■ ASSIGNMENT: An exact transcription is needed, beginning at the line with "Tractor New Holland T8 355, año 2012" and ending at the last line of the listing, with pictures left out and nothing else added.

■ DATASET CONTENT:
----

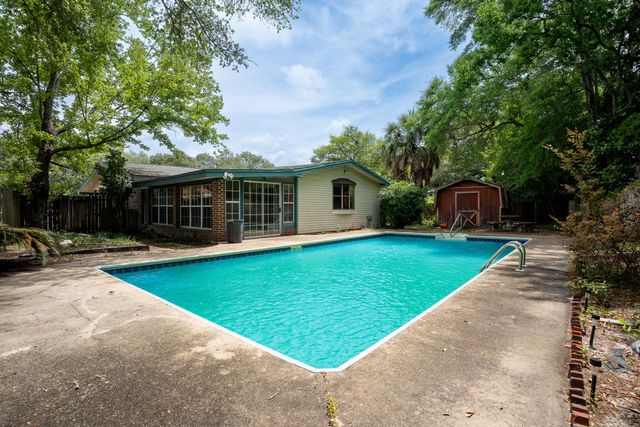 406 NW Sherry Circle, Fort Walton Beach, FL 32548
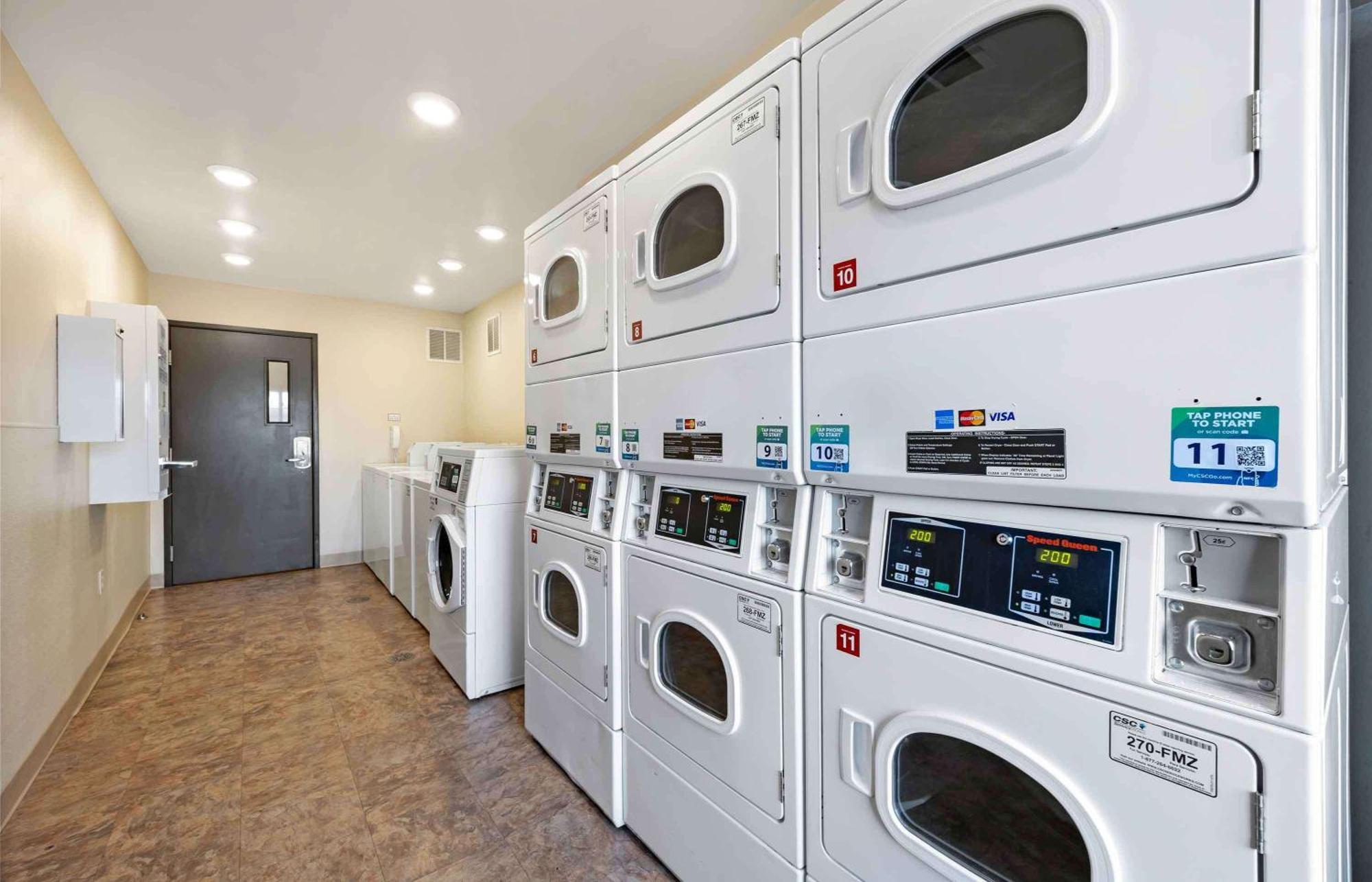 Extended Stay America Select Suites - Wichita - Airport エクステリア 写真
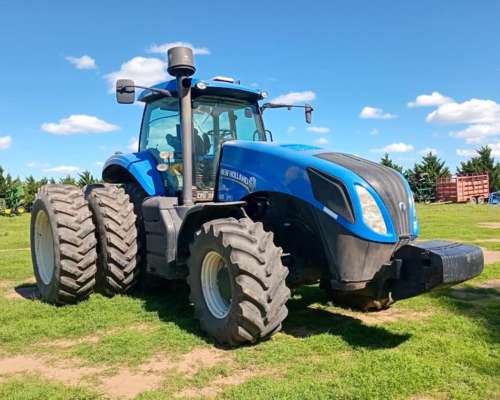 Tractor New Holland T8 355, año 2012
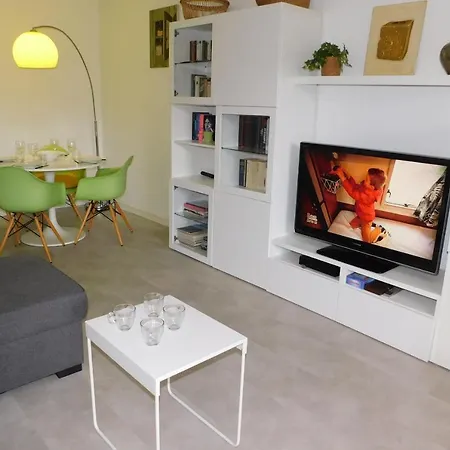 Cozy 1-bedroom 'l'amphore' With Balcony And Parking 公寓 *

----

■ RESULT BELOW:
 Tractor New Holland T8 355, año 2012
 Cozy 1-bedroom 'l'amphore' With Balcony And Parking 公寓 *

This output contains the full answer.